How do I handle TCE alternatives?
MicroCare trichlorethylene replacement fluids are nonflammable and ship as “DOT non-hazardous”. Keep them in a cool, dry location, out of sunlight. You can recycle the cleaning fluid hundreds of times through distillation before disposal. When needed, handle the empty containers and spent fluid according to Federal, State and local regulations. Contact a MicroCare precision cleaning expert for more details.
Do the replacement cleaners turn acid like TCE?

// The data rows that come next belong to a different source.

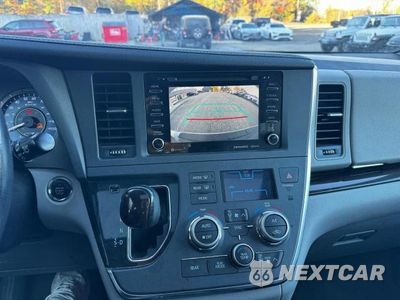 Zdjęcie 14 z 14 samochodu: 2019 TOYOTA SIENNA XLE 7-PASSENGER VIN:5TDDZ3DCXKS227743 - miniatura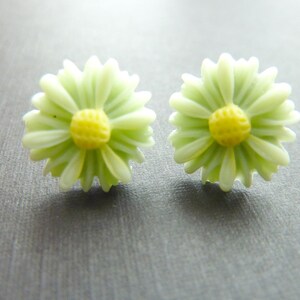 FLOWER RING Pale Mint Green Daisy Flower on Adjustable Vintage - Etsy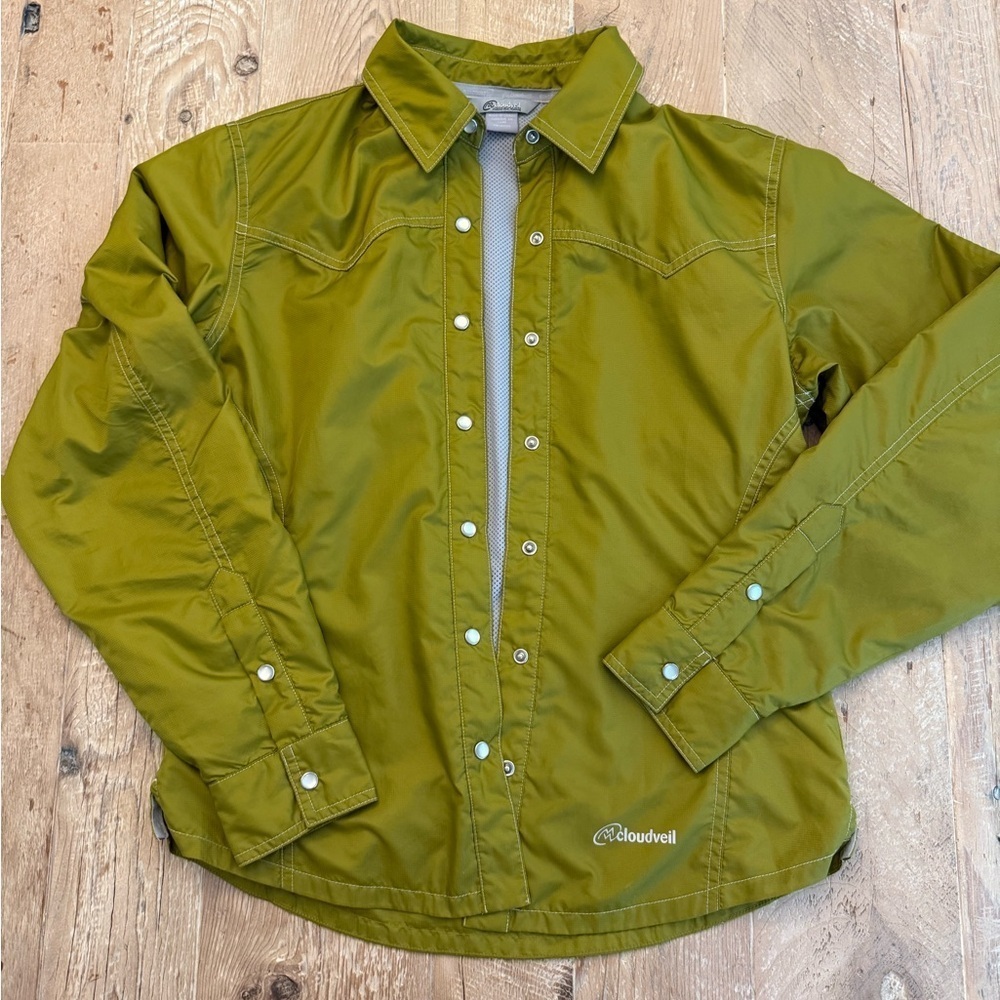 Cloudveil Shirt Womens Sz XS Pea Green Pearl Snap Shirt / Jacket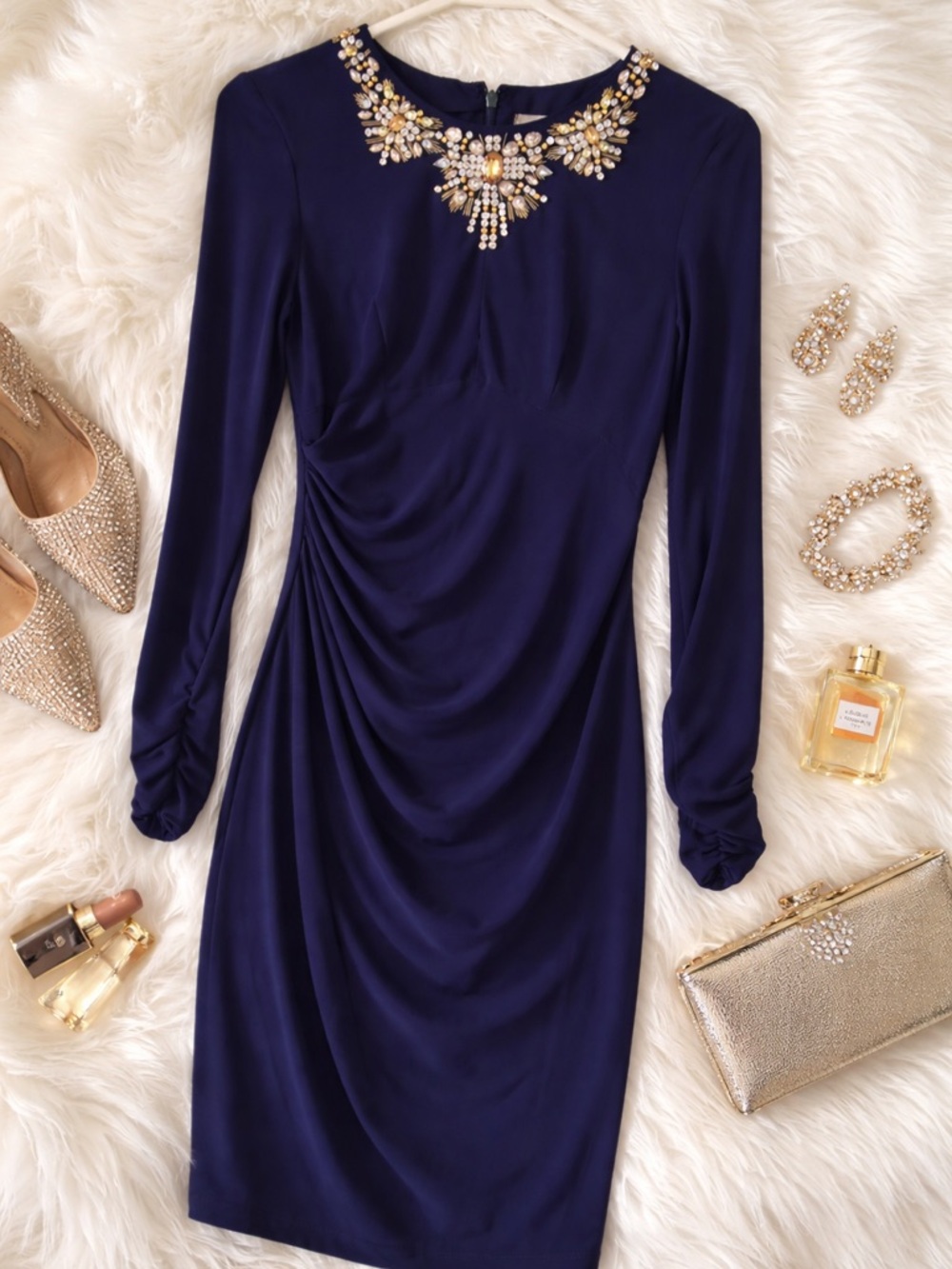 Vince Camuto Navy Embellished Jewel Neck Bodycon Dress Size 6 Elegant Cocktail - Picture 1 of 6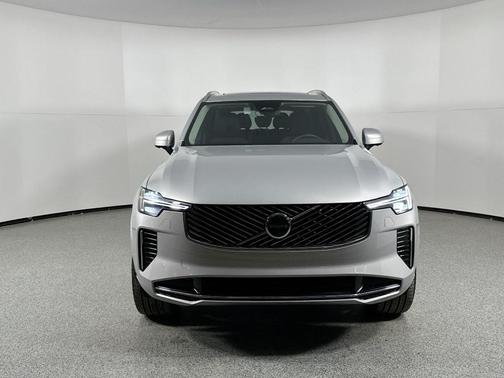 2025 Volvo XC90 B5 Plus 7-Seater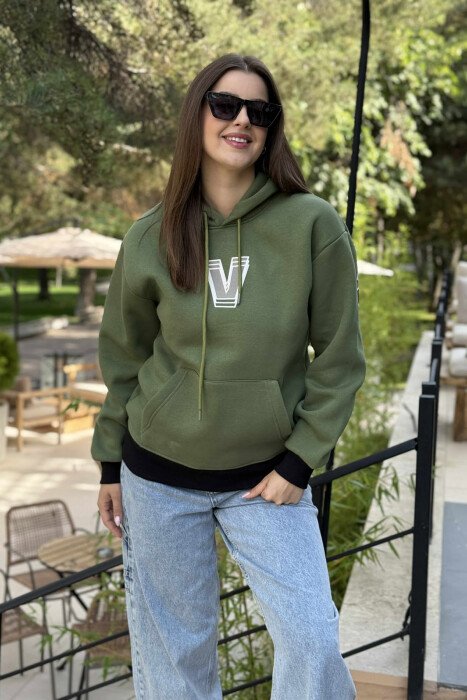 HOODIE ME PUSH ME SHKRIME NË PJESEN E PASME PËR FEMRA NË NGJYRËN JESHILE&E ZEZË 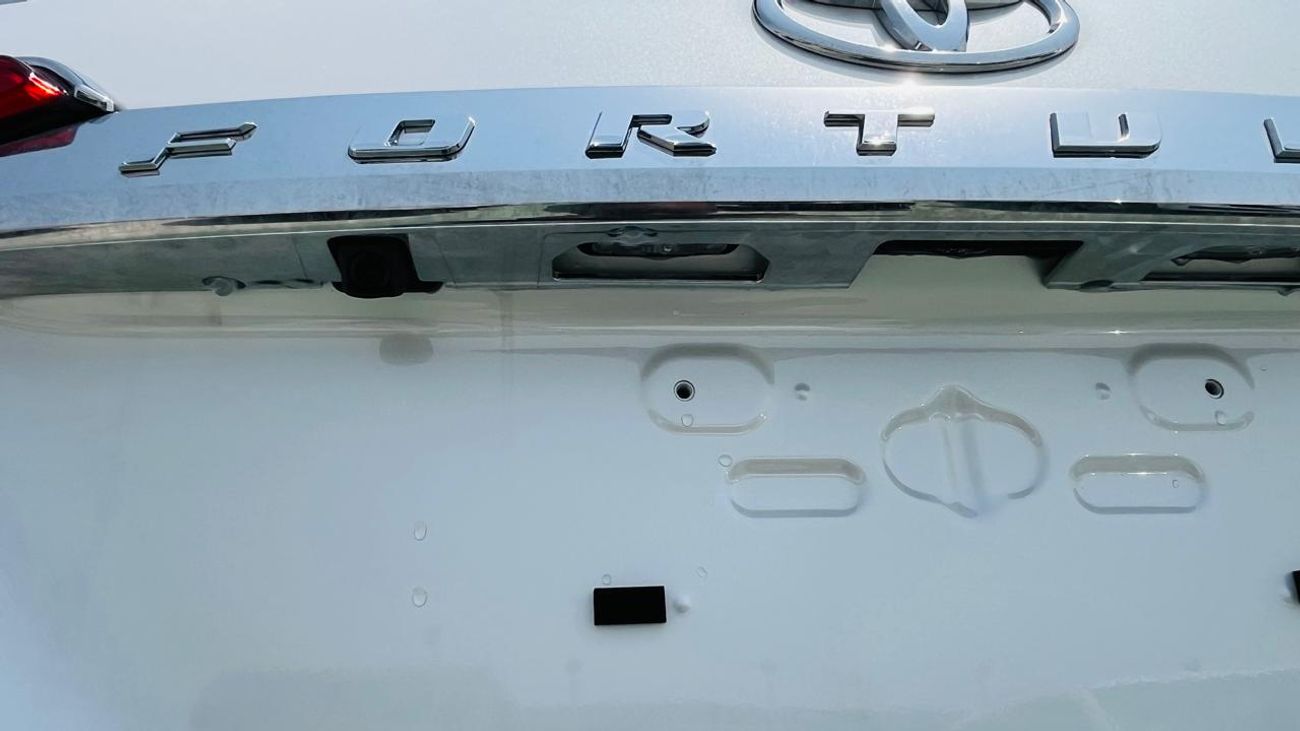 Toyota Fortuner SR5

The replacement fluids for TCE are thermally and hydrolytically stable. They will not turn acid unless exposed to a strong base or acid or if exposed to extreme heat. They also do not require stabilizers or scavengers that are common with TCE.
Are TCE alternatives safe for all materials?
TCE replacements have the same or better material compatibility than TCE.
Are TCE replacement cleaners flammable?
All of the cleaning fluid formulations that MicroCare provides for vapor degreasing are nonflammable.
Are the replacement cleaners as strong as TCE?
MicroCare offers a variety of cleaners that perform just as good, if not better than TCE.
Do TCE replacements meet SNAP approval?
All of the MicroCare TCE replacement cleaning fluids meet EPA SNAP rules.